Montecatini Terme, 5 lug. (Apcom) – “Non mi aspettavo gli applausi…”, ammette Walter Veltroni ai cronisti appena uscito dal Palazzo dei Congressi di Montecatini Terme, seconda giornata del congresso fondativo del Partito Socialista. Un’ora prima i delegati avevano accolto il suo ingresso con una salva di fischi, una disapprovazione così plateale da lasciare “amareggiato” Ugo Intini, sul podio in quel momento, secondo il quale “non è mai successa una cosa del genere in un’assemblea socialista”: e pazienza per il Berlinguer fischiato nell’84 a Verona con Bettino Craxi che disse “non mi posso unire a quei fischi solo perché non so fischiare”, e per il D’Alema coperto dai ‘buuu’ nel ’99 a Fiuggi, congresso fondativo dello Sdi, quando lodò il ‘grande traditore’ Giuliano Amato.

Intini, che pure c’era a Verona e a Fiuggi, ribadisce che “siamo un partito democratico, siamo abituati a discutere con tutti”.
Ha ragione: se la platea fischia, i leader del nuovo partito accolgono con soddisfazione l’apertura al dialogo da parte del leader del Pd, il quale afferma di voler “costruire un nuovo centrosinistra che non sia la ripetizione delle stagioni dell’Unione”, perché “il centrosinistra nuovo non deve essere l’assemblea di tutti coloro che non sono d’accordo con Berlusconi, ma deve avere una base programmatica”. Il Ps può e deve essere della partita: “Sulla base del rispetto dell’identità e della storia di entrambi – ha aggiunto Veltroni – io penso si possano creare nuovi rapporti tra forze autonome che vogliono fare un tratto di cammino insieme”. Una linea confermata, fuori dalla sala, da Vannino Chiti che riconosce nella relazione di Riccardo Nencini, sempre più vicino all’elezione a segretario per domattina, “un percorso di confronto e dialogo che è necessario, perché occorre costruire un’unità di tutte le forze riformiste”.

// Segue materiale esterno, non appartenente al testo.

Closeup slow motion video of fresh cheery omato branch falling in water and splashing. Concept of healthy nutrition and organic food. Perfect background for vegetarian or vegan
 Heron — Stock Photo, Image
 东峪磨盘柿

Soddisfazione confermata dai commenti del post-intervento: “Giudico positiva la proposta di Veltroni di costruire un nuovo centrosinistra fra forze autonome e riformiste”, ha detto Nencini, che ritiene “importante il riconoscimento che il leader Pd ha fatto dell’autonomia e dell’identità socialista, chiamando contemporaneamente alla collaborazione e al confronto”. Gongola l’ex compagno di partito Gavino Angius: “Il significato della presenza di Veltroni qui, le parole che ha detto – ha osservato – sono il riconoscimento del ruolo e dell’autonomia del nascente Partito Socialista, e sono di fatto un esplicito cambiamento di linea politica rispetto al passato”.

L’ipotesi di lavoro ricorrente è quella di un “campo largo” delle forze riformiste che ora stanno all’opposizione: quindi niente Di Pietro, “che non è riformista”, chiosa Angius, e i fischi che accolgono l’esponente Idv Fabio Evangelisti non mentono. Largo invece all’intesa, già evocata ieri da Nencini, con l’Udc, “con cui il rapporto può essere decisivo”, dice il vecchio leone del garofano Gianni De Michelis, per il quale “bisogna escludere ogni convergenza con la sinistra massimalista”, perché “il tratto di mare nel quale cercheremo di navigare sarà quello tra Pd e Pdl, esattamente dove si colloca Casini”. I fratelli separati del Nuovo Psi, per bocca del suo leader Stefano Caldoro, invitano gli ex compagni a riconoscere “i meriti del Governo” in tema di battaglie riformiste, piuttosto che “ascoltare le sirene del Pd”.